According to EU Member of Parliament Julia Reda, the European Commission is launching fifteen bug bounty programs to support free and open source software. The bounties are part of the third edition of the Free and Open Source Software Audit (FOSSA) project which aims to make the Internet safer and more reliable.
One of the first projects to get EU cash is OpenSSL.
“Since OpenSSL is also very important for the encryption of Internet traffic, it is also highly relevant to the protection of your personal communication, or your payment details when you’re shopping online,” said Reda.
“The issue made lots of people realise how important Free and Open Source Software is for the integrity and reliability of the Internet and other infrastructure. Like many other organizations, institutions like the European Parliament, the Council and the Commission build upon Free Software to run their websites and many other things. But the Internet is not only crucial to our economy and our administration. It is the infrastructure that runs our every day lives.
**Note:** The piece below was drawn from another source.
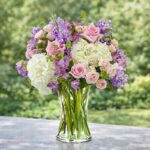 Shared Sentiments Floral Bouquet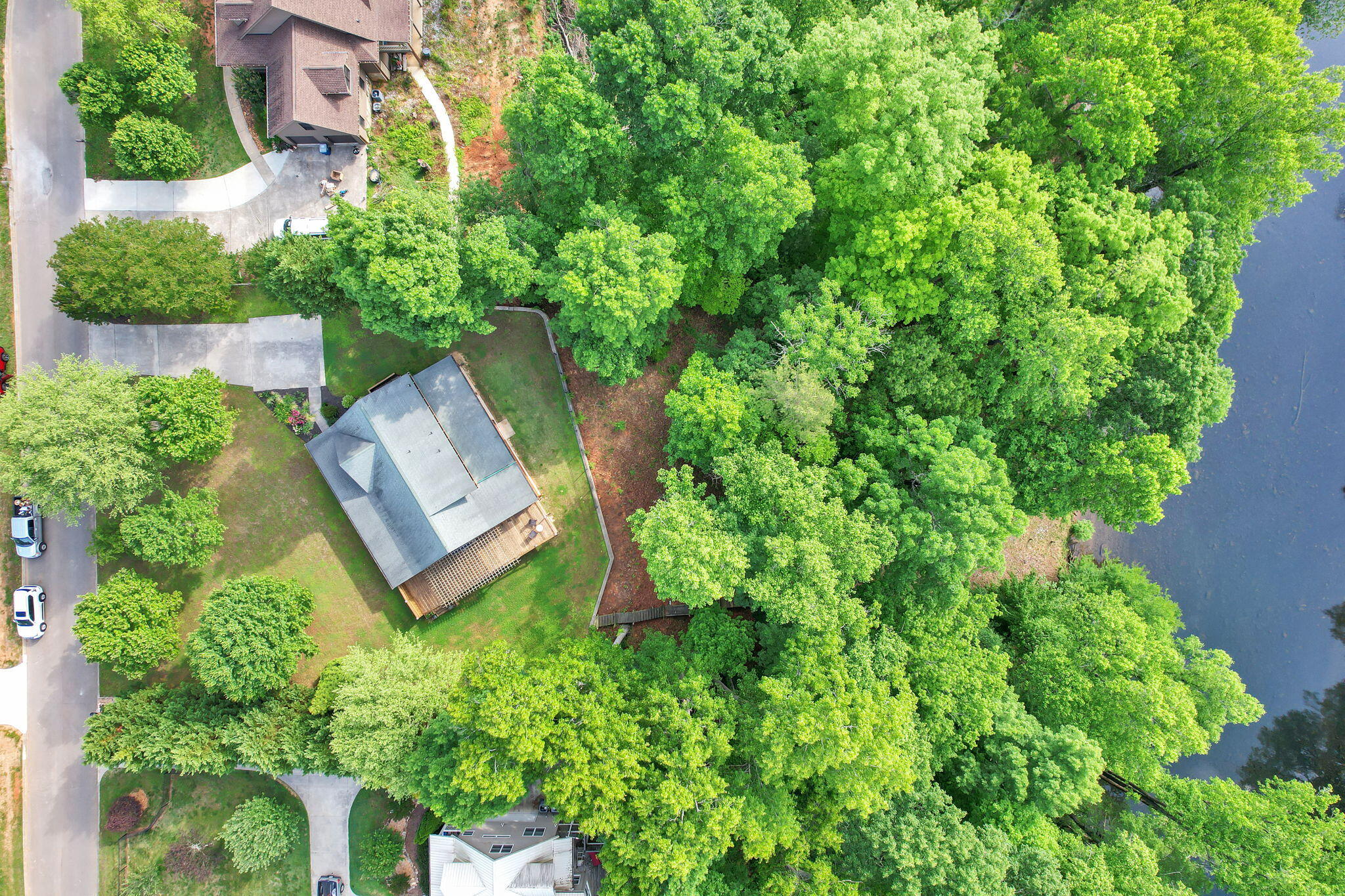 176 Rivers Edge Lane Benton, TN 37307 - Photo 15 of 61 lea 15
It is the means we use to retrieve information and to be politically active," she said.
How much can a good do hacker get for cybersleuthing for the EU? The rewards range from €17,000 to €90,000, and the exact amount "depends on the severity of the issue uncovered and the relative importance of the software,” Reda says.
The full list of projects includes 7-zip, Apache Kafka, Apache Tomcat, Digital Signature Services (DSS), Drupal, Filezilla, FLUX TL, the GNU C Library (glibc), KeePass, midPoint, Notepad++, PuTTY, the Symfony PHP framework, VLC Media Player, and WSO2. Given the popularity of open source in the crypto ecosystem, this rising tide should lift all boats.